Modified from original at: http://matgenb.materialsvirtuallab.org/

# Introduction

This notebook demonstrates how you obtain data from the Materials Project using pymatgen's interface to the Materials API. You can find more info about the Materials Project at: https://www.materialsproject.org/

## Notice: You need to get a "key" from the Materials Project website to use this notebook.

To get a key, go to: https://materialsproject.org/dashboard.  You then have to either login or give your email address and they will email you a login link.  Then use their Key Generator to get a key.  The key generator looks like this:

![MP_Key_Generator.jpg](attachment:MP_Key_Generator.jpg)

In [None]:
from pymatgen import MPRester, Composition
import re
import pprint

# Make sure that you have a Materials API key. You get that from the Materials Project
# dashboard on their website: https://www.materialsproject.org/dashboard. 
# Once you have your key, put it into the next statement as the argument for MPRester. 
# as MPRester("MY_API_KEY").  You need to put the key in quotes within the call on the next line:

mpr = MPRester("TP8h2TsKtL5Q1Nvk")

# Getting structures with material ids

Let's say you want to find all structures with similar stoichiometry to Fe<sub>2</sub>O<sub>3</sub>. Create a query to the Materials Project:eeee

In [None]:
comp = Composition("Fe2O3")
anon_formula = comp.anonymized_formula
# We need to convert the formula to the dict form used in the database.
anon_formula = {m.group(1): int(m.group(2)) 
                for m in re.finditer(r"([A-Z]+)(\d+)", anon_formula)}

data = mpr.query({"anonymous_formula": anon_formula}, 
                 properties=["task_id", "pretty_formula", "structure"])
print(len(data))  #Should show ~600 data.

In [None]:
# data now contains a list of dict. This shows you what each dict has.
# Note that the mp id is named "task_id" in the database itself.
pprint.pprint(data[0])  

# Getting band structures

Band structures are fairly large objects. It is not recommended that you download large quantities of bandstructures in one shot, but rather just download the ones you need.

In [None]:
bs = mpr.get_bandstructure_by_material_id("mp-20470")

In [None]:
from pymatgen.electronic_structure.plotter import BSPlotter
%matplotlib inline

In [None]:
plotter = BSPlotter(bs)
plotter.show()

# Getting elastic constants

We have 5000 elastic constants and growing. You can easily get all the elastic data with materials ids as follows.

In [None]:
elastic_data = mpr.query({"elasticity": {"$exists": True}}, 
                         properties=["task_id", "pretty_formula", "elasticity"])

In [None]:
print(len(elastic_data))
pprint.pprint(elastic_data[0])

# More resources

In general, almost any data can be obtained from MP using the MPRester, either via the high-level functions or the very powerful "query" method.

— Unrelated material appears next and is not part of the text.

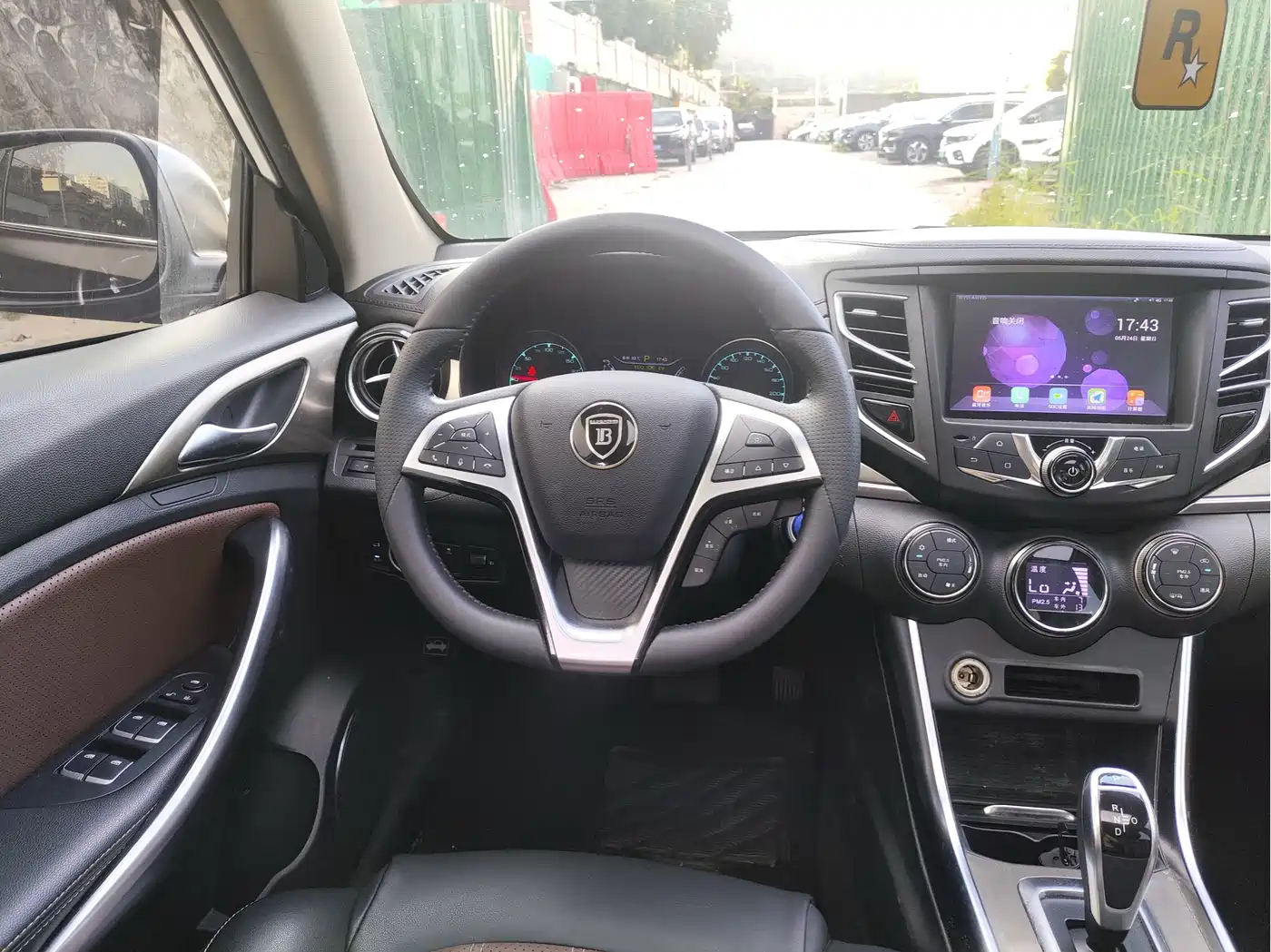 BYD Song New Energy 2017 Song DM 1.5TID Full-time 4WD Luxury фото 7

For more complex queries, you can refer to the documentation for the Materials API at https://github.com/materialsproject/mapidoc. 

# Fitting structures

Pymatgen has its own structure matching algorithm, which we have used to effectively reduce the 130,000 structures in ICSD to ~60,000 - 70,000 structures. It is fast and accurate. Here's an example of how it works.

In [None]:
from pymatgen.analysis.structure_matcher import StructureMatcher

In [None]:
m = StructureMatcher() # You can customize tolerances etc., but the defaults usually work fine.

In [None]:
s1 = data[0]["structure"]
print(s1)
s2 = s1.copy()
s2.apply_strain(0.1)
print(s2)

In [None]:
print(m.fit(s1, s2)) 

For something more challenging, let's see how many structures are similar to Gd2O3

In [None]:
matches = []
for d in data:
    if m.fit_anonymous(d["structure"], s1):
        matches.append(d)

In [None]:
# The above fitting took a few seconds. We have 32 similar structures.
print(len(matches))

In [None]:
# Let's see a few of the matches.
pprint.pprint(matches[0])
pprint.pprint(matches[1])
pprint.pprint(matches[2])

You can see that we have successfully found iso-structural materials!